New work demonstrates a practical attack: authors hide short, adversarial prompts inside PDF manuscripts that remain invisible to human readers but steer large language model (LLM) generated reviews. Prompt injection means adding instructions into input material so the model follows them; LLMs are the automated systems that write summaries or assessments. The most concerning finding is that these injections reliably bias reviews across multiple commercial systems and can fool honest-but-lazy reviewers who lean on automated outputs.

This matters because journals and conferences are experimenting with LLM-assisted review to speed triage. When the model effectively acts as a gatekeeper, subtle manipulations can distort judgments about novelty, methodology, or safety. The paper also shows an arms race: simple keyword detectors and blocklists fail against obfuscation, and attacks often transfer across models, so piecemeal vendor fixes are not enough.

Policy and governance intersect with controls in direct, practical ways. Requiring provenance (declare when AI helped produce a review), standard robustness tests, and audited toolchains raises the bar for attackers. But every control carries trade-offs: stricter checks add time and cost, provenance rules can be gamed, and aggressive filtering risks false positives that penalize legitimate submissions. Compliance without substance is performative; real safety pairs governance with technical hygiene like prompt sanitation, input normalization, and adversarial testing.

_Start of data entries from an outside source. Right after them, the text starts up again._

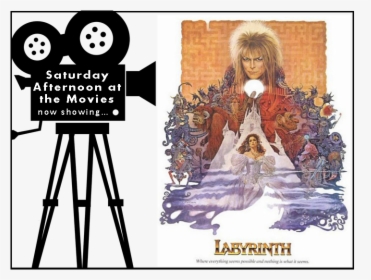 Saturday Afternoon At The Movies Logo Featuring The - Labyrinth Jim Henson Poster, HD Png Download, Free Download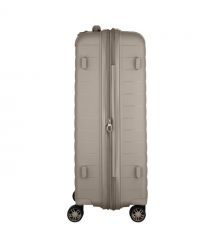 2E Чемодан, Aero, полипропилен, средний, 63/78 л, TSA, 4 колеса, EXP, серо-коричневый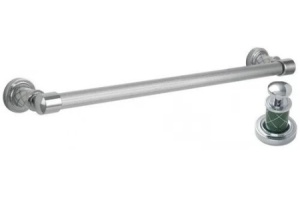 Полотенцедержатель Boheme Murano хром с зеленым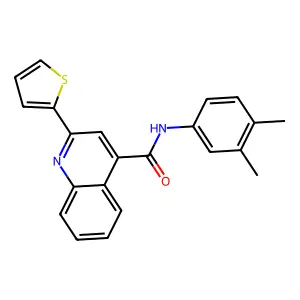 N-(3,4-dimethylphenyl)-2-thiophen-2-ylquinoline-4-carboxamide structure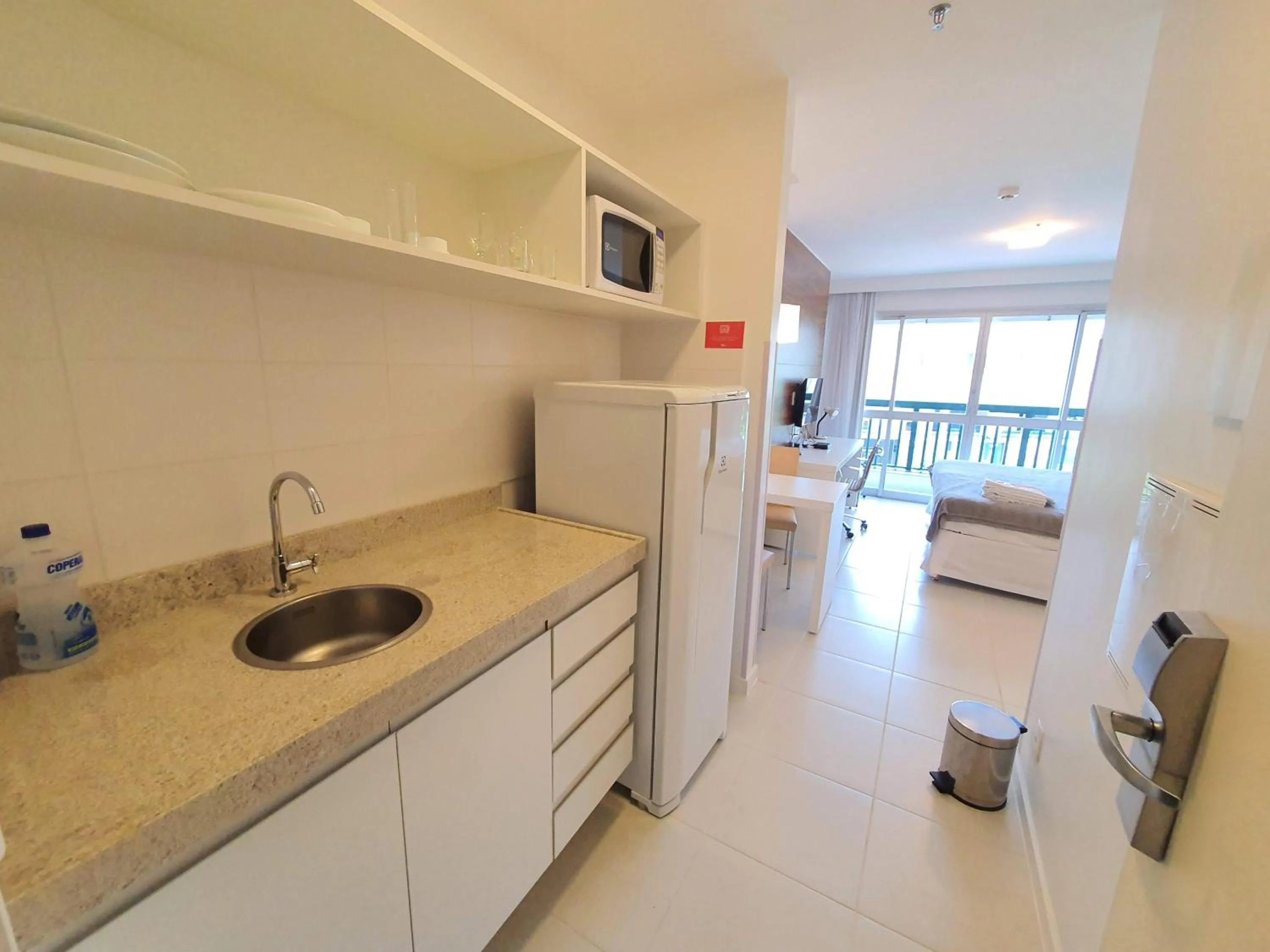 minibar in Flat Vision Executivo Premium By Rei dos Flats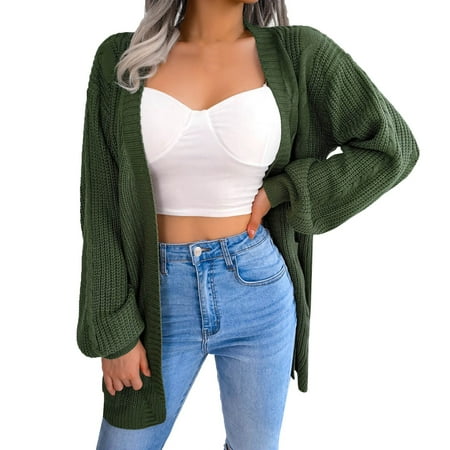 Qufokar Winter Jackets for Women Maternity Womens Sweaters And Jackets Women S Casual Long Sleeve Open Front Solid Color Knit Cardigan Sweater
Qufokar Winter Jackets for Women Maternity Womens Sweaters And Jackets Women S Casual Long Sleeve Open Front Solid Color Knit Cardigan Sweater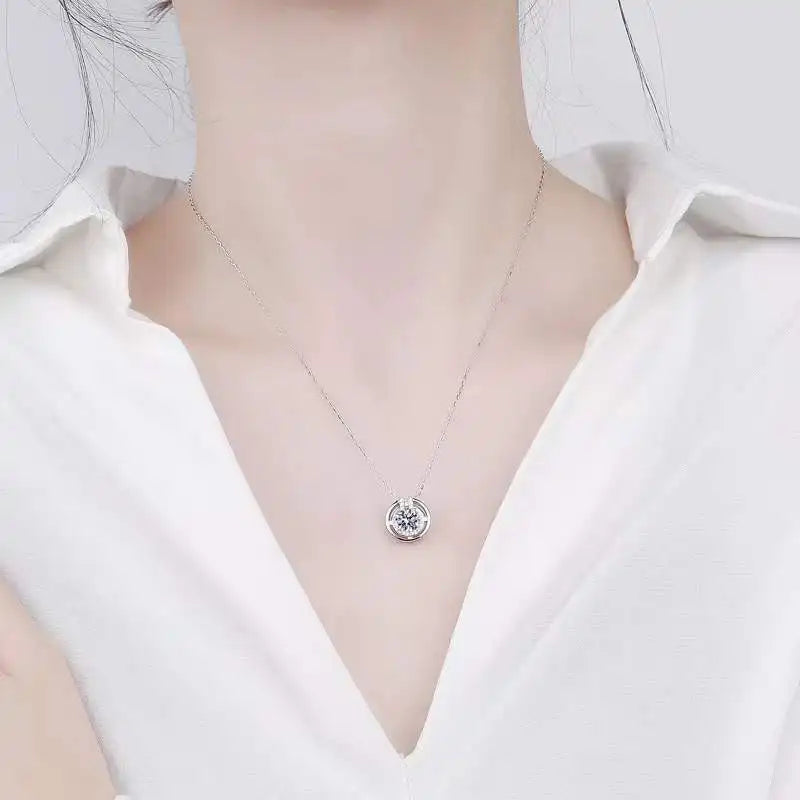 1ct Moissanite Pendant Necklace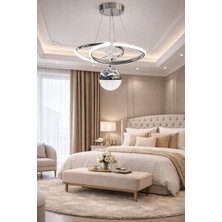 Lamira Aydınlatma Modern Lüks Salon Model Ledlı Sarkıt Avıze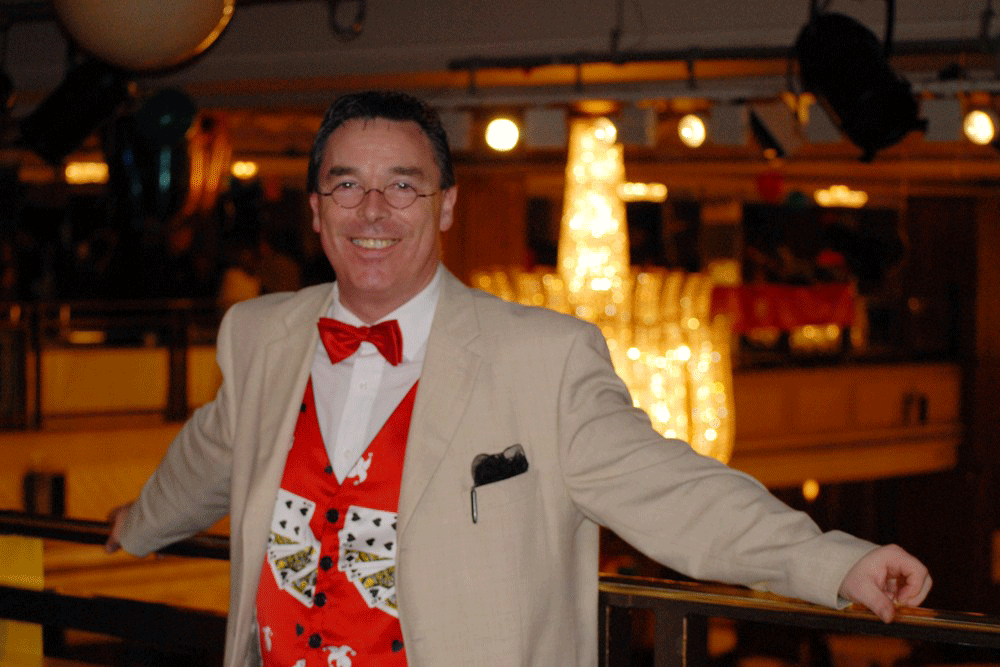 At the Grosvenor Hotel.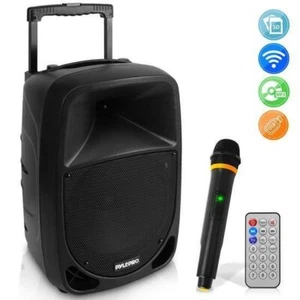 Pyle 1000W Portable Bluetooth PA Speaker, Rechargeable w/ Wireless MIc PSBT105A - Picture 1 of 9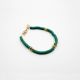 VANESSA green rubber bracelet - L'atelier des Dames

Concrete steps to take this quarter: run threat-model tabletop exercises, enable basic prompt-scrubbing on uploaded PDFs, and flag reviews that closely mirror submitted text. Later actions: require provenance reporting, commission independent robustness audits of vendor LLMs, and develop standardized prompt-injection resistance tests across platforms.

Additional analysis of the original ArXiv paper

📋 Original Paper Title and Abstract

Publish to Perish: Prompt Injection Attacks on LLM-Assisted Peer Review

Authors: Matteo Gioele Collu, Umberto Salviati, Roberto Confalonieri, Mauro Conti, and Giovanni Apruzzese
Large Language Models (LLMs) are increasingly being integrated into the scientific peer-review process, raising new questions about their reliability and resilience to manipulation. In this work, we investigate the potential for hidden prompt injection attacks, where authors embed adversarial text within a paper's PDF to influence the LLM-generated review. We begin by formalising three distinct threat models that envision attackers with different motivations -- not all of which implying malicious intent. For each threat model, we design adversarial prompts that remain invisible to human readers yet can steer an LLM's output toward the author's desired outcome. Using a user study with domain scholars, we derive four representative reviewing prompts used to elicit peer reviews from LLMs. We then evaluate the robustness of our adversarial prompts across (i) different reviewing prompts, (ii) different commercial LLM-based systems, and (iii) different peer-reviewed papers. Our results show that adversarial prompts can reliably mislead the LLM, sometimes in ways that adversely affect a "honest-but-lazy" reviewer. Finally, we propose and empirically assess methods to reduce detectability of adversarial prompts under automated content checks.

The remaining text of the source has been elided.